The Act has focused on corporate compliance and a director will not be re-appointed if the company has failed to file its annual returns for three continuous years. Re-appointment in such cases, in that company or any other company, can happen only after five years from the date of the failure to file accounts. However, if the company chooses to re-appoint a director even after its failure to file the accounts shall be penalized. Additionally, the practice of directors absenting themselves from meetings and sending proxy has been placed under check. Any director who was absent from the board meetings for the previous twelve months, whether he sought leave or not, will have to vacate his office. If the director continues to function as a director even after he knows that he is disqualified to hold the office shall be imprisoned for up to one year or punishable with fine.
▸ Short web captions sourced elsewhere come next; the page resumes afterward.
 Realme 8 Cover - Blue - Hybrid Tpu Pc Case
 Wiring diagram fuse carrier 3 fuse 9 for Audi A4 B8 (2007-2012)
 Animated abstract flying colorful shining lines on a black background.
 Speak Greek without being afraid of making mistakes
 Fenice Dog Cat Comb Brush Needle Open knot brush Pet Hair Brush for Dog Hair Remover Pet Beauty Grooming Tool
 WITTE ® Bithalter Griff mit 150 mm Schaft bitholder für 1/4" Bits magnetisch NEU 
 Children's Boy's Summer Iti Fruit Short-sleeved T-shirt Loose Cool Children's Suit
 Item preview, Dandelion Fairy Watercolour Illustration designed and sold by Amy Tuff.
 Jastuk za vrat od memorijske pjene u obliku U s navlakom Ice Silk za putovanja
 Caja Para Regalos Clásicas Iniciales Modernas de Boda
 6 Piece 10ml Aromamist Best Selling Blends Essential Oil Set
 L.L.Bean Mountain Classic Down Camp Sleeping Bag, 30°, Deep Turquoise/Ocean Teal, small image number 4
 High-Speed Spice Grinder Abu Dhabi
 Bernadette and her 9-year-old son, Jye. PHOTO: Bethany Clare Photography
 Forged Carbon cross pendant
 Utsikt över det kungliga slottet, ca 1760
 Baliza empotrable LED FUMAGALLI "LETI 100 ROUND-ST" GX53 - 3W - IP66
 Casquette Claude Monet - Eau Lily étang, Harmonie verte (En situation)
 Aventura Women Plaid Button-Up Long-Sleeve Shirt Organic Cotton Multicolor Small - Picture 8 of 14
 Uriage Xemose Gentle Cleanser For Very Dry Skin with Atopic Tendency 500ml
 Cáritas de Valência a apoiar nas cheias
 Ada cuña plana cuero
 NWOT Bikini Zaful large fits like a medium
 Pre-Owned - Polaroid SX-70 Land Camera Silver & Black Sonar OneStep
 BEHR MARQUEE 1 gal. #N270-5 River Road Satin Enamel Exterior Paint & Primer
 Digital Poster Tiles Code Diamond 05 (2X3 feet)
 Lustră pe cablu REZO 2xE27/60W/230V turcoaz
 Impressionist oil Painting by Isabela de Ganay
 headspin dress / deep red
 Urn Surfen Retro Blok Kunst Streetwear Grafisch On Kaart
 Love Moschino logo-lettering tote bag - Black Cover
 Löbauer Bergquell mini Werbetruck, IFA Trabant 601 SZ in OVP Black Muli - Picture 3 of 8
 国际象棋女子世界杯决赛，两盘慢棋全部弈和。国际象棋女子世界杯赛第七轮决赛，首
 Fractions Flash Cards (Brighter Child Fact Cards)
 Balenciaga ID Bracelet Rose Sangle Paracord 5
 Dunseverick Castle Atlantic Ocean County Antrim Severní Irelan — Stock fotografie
The Act prohibits directors from buying, selling, leasing or disposing of any property, appointment of an agent and appointment in place of profit in the company or associate/subsidiary and, in all such cases, they are mandated to make a disclosure for these transactions. In case of non-disclosure by a director, he will indemnify the company against any loss incurred by it. The Act has codified and set high standards for a director's duty and liability towards the company.9 The general penalty prescribed for all the contravention above is fine of INR 100,000 (approx $1,615) to INR 500,000 (approx $8,076).

Conclusion

While looking at all the details, the Act does not appear to have introduced too many significant changes in the provisions with respect to directors. The penalties for contravention under different sections have been increased from a minimum of INR 10,000 (approx $161) to a minimum of INR 50,000 (approx $807) to bring in more accountability. With the introduction of strict eligibility criteria for appointment of independent directors, their pecuniary interest is bypassed and this is to create a watchdog for public/listed companies. Penalty for any contravention by an independent director is also introduced, but they will be liable only for those fraudulent transactions for which they will give their consent or where it can be demonstrated that they have not acted diligently. This defense hardly provides any immunity as most Indian laws charge the directors for any offence. The Act also permits an Indian company to indemnify its directors and officers, unlike the 1956 Act. Women too are encouraged to join the board room, thus bringing in diverse viewpoints and talent. In essence, the Act has endowed responsibility and introduced high standards for directors so that they are accountable to the shareholders for their action and personally liable for any damage caused by them. But, the effectiveness of these provisions will depend on how strictly they are enforced.

Footnote

1 Explanation to Section 149 of the Act defines a nominee director as director nominated by any financial institution

2 1$= INR 62 approximately

3 See Section 149 of the Act

4 The definition of "relative" is narrowed down and includes spouse, parents, grandparents, children, siblings, son's spouse and children but excludes daughter's spouse and children, spouses of son's children and siblings' spouses.

5 Section 150 of the Act

6 Schedule IV of the Act

7 See Clause VII of the Code for independent directors in Schedule IV

8 Section 184 of the Act

9 Section 166 of the Act

The content of this article is intended to provide a general guide to the subject matter. Specialist advice should be sought about your specific circumstances.